We don’t only need tech diplomats to mediate disagreements between governments and tech companies, we need them to help broker collaborations between governments and tech companies to fight even greater enemies. Take the rise of domestic extremism in the US, for instance. In the Biden administration, the Department of Homeland Security recently acknowledged the need to partner with companies like Facebook, as a start, to identify potential threats posted on their platform. Verdier verified this notion, saying, “We speak a lot about the consequences of the attention economy business model: hate, terrorist content, disinformation, and foreign interference. While we consider social networks and their business model are part of the problem, we also see that they have to be part of the solution. And this means we need to have new rules and new means of interacting with them.”

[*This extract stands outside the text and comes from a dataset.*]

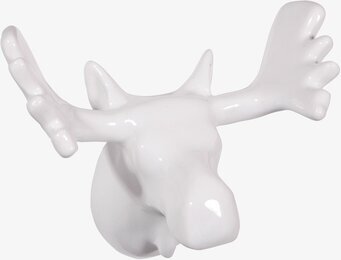 Väggkrok Älg Vit från The Zoo, elegant och funktionell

One reason to be hopeful is that some net states aren’t waiting around for governments to make the first move. Microsoft, for example, opened offices to the United Nations and the European Union in 2020, creating space for diplomatic, not just commercial, engagements. The UN, for its part, welcomed them with open arms. When Secretary General António Guterres convened a “high-level roundtable” on climate change in the fall of 2020, he invited national leaders such as British prime minister Boris Johnson, Canadian prime minister Justin Trudeau—and Microsoft’s president, Brad Smith. (To emphasize just how unusual this is, the term “high-level” in diplo-speak usually refers to nation-state presidents, prime ministers, and monarchs. Granting the president of a tech company quasi-king status, even if just for a day, is a big deal.)

There’s no precedent for digital-era challenges, so governments need adaptable, quick-thinking officials to meet them. “There's no manuals, there's no best practices,” Rauchbauer says. “You have to invent everything on the go and have to think it out yourself.” In the face of rapidly expanding tech empires, governments must use every tool at their disposal to contend with them.

Nations must scatter armies of tech-savvy diplomatic forces far and wide if governments are to have any hope of staying relevant in our increasingly digital age. Tech diplomats are a country’s best bet to not only understand but also, in time, to achieve a sustainable peace with the digital world. “There’s no such thing as silver bullets here,” Canada’s Sarkar says, “But there will be silver buckshot.”